Which brings me to “Dave,” starring Dave Burd, a show produced by FXX and available on Hulu, just renewed for a second season. Can The Jewish Week’s resident culture kvetch be touched by a show that is beyond what he knows? (I know, there is much competition for the role.)

The show is about a white middle-class Jewish rapper with hip-hop talents who wants to be both a star (rapper moniker: Lil Dicky) and a regular person (name from bris: Dave). He’s the kind of person who calls his parents before cashing out his bar mitzvah money 15 years after the celebration to pay a famous hip-hop artist to collaborate with him on a song. Dave calls his parents out of respect; Lil Dicky hands the money over. Dave worries he was scammed after being ghosted by a would-be connection who promised to deliver a collaboration with a more established artist; Lil Dicky rips it in the studio with the rapper YG.

He calls his parents about money, and his father, in an exchange about technology and new means of information sharing and financial income (Dave mentions the 15 million views of his YouTube videos), asks the question every dad asks, “But why can’t you profit off all those views?”

With the affect of a nice Jewish Boy, Dave’s character fuels a classic fish-out-of-water story, with Dave swimming in a pool with more settled and sure-of-themselves people. I couldn’t stop watching. “Transparent” focuses squarely on L.A. Jewish culture (and raises the bar on the genre), juggling that very location-specific culture with Judaism. Being Jewish in Los Angeles isn’t a focal point in “Dave,” but the show does humorously references it from time to time.

Dave is successful in his music career, but he is unable to capitalize on it. His music videos get millions of hits, his tweets go viral and he even pulls off social media coups with parodies of Jim Carrey in “The Mask.” But he attracts attention that leaves his rapping peers unimpressed.

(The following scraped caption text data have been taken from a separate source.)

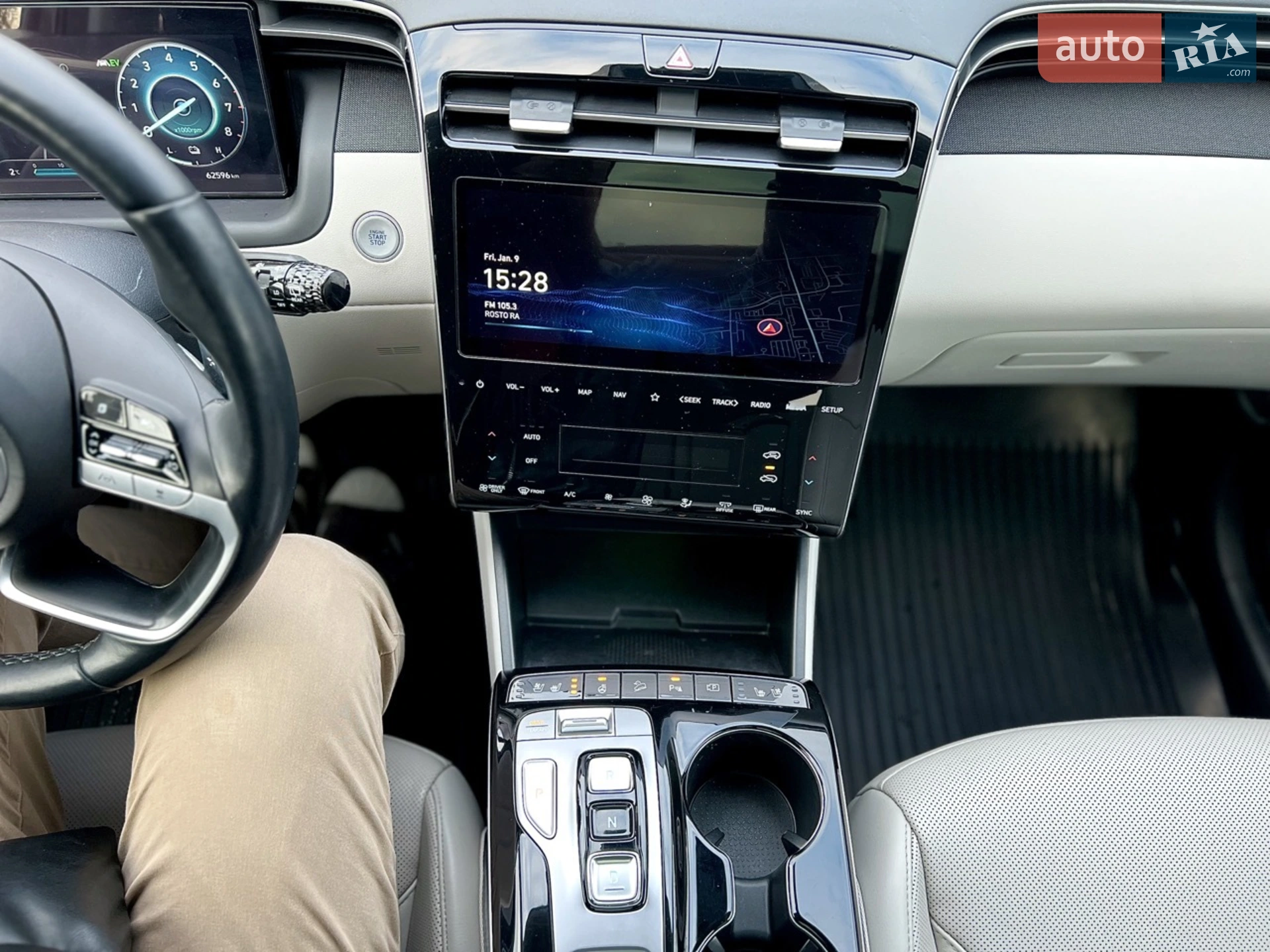 2021 Hyundai Tucson - мініатюра 18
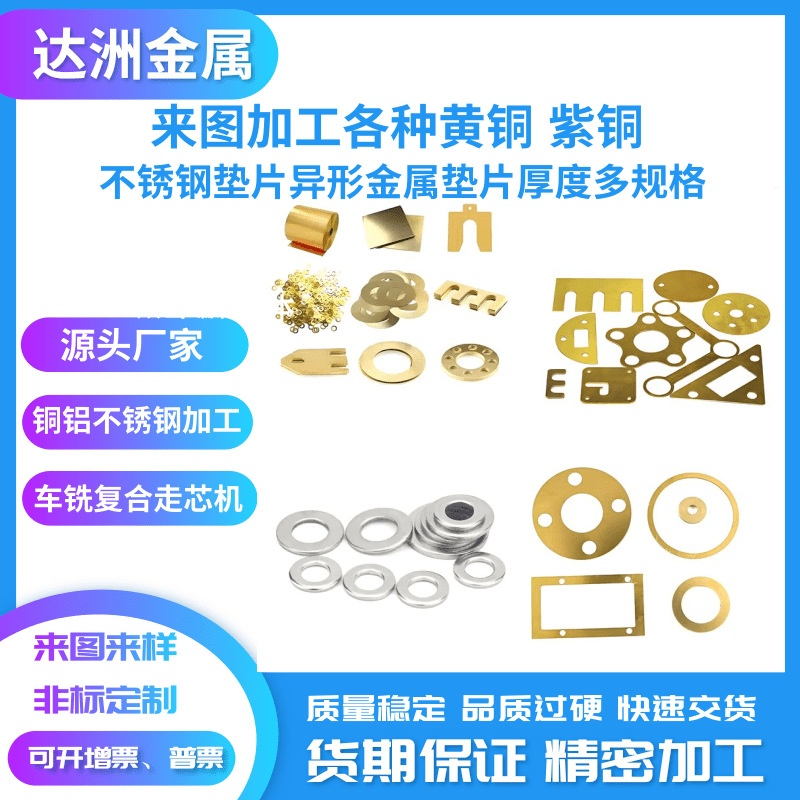 Brass gasket laser cutting metal marking processing stainless steel special-shaped gasket laser cutting thickness multiple specifications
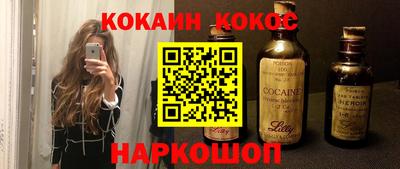 кокаин премиум Татарск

I see myself in Dave because he’s grappling with not falling into the trap of being someone he isn’t. Whether the character is mild-mannered Dave (trying to be a nice guy and not hurtful to anyone around him) or the rapper Lil Dicky (trying not to be too much a part of rap culture in a way that would seem inauthentic), I identify with him; I too am often the occupant of rooms where I’m the minority and face a similar dilemma. Do I try to fit in to the world around me or stay true to myself?

I find myself rooting for Dave and his quest to upgrade from being a “YouTube Rapper” to something more “serious.” He rolls with a ragtag posse: a childhood friend turned sound engineer, a roommate turned manager and a girlfriend turned ex-girlfriend. And there are the minor celebs — rappers Trippie Redd, Benny Blanco, Ot Genasis and Marshmello — who all make appearance in the show, and now in my Wikipedia search history.

Believe it or not, “Dave” actually takes on some serious issues, albeit with bizarre and sidesplitting results. There is the episode about GaTa, a friend of Dave’s and hype man for Lil Dicky, who suffers from bipolar disorder; in a flashback scene, he freaks out in a mall sneaker store and is taken into custody by security guards and later learns of his disorder from a doctor. It becomes clear to Dave why GaTa made the perfect front man — it’s his disorder-induced high energy. The actor who plays GaTa is actually bipolar, and the plotline raises awareness of mental health issues in communities of color.

The plot, which makes use of humor when you least expect it, moves in unexpected directions. In a poignant, mid-season episode, Dave realizes that his childhood friends were laughing at him, not with him. The penultimate episode is about him losing his girlfriend at her sister’s wedding, when he is too distracted by a career move and doesn’t help her with her speech. Ultimately, “Dave” is about Dave chasing opportunity, only to lose the most important thing in his life because of that pursuit.

The finale is an anxiety-fueled hallucinogenic dream that comes when Lil Dicky is negotiating with a large record label. It lands with me, despite the Grand Canyon-like chasm between Dave and me, let alone Lil Dicky and me. 

Eli Reiter’s column appears monthly.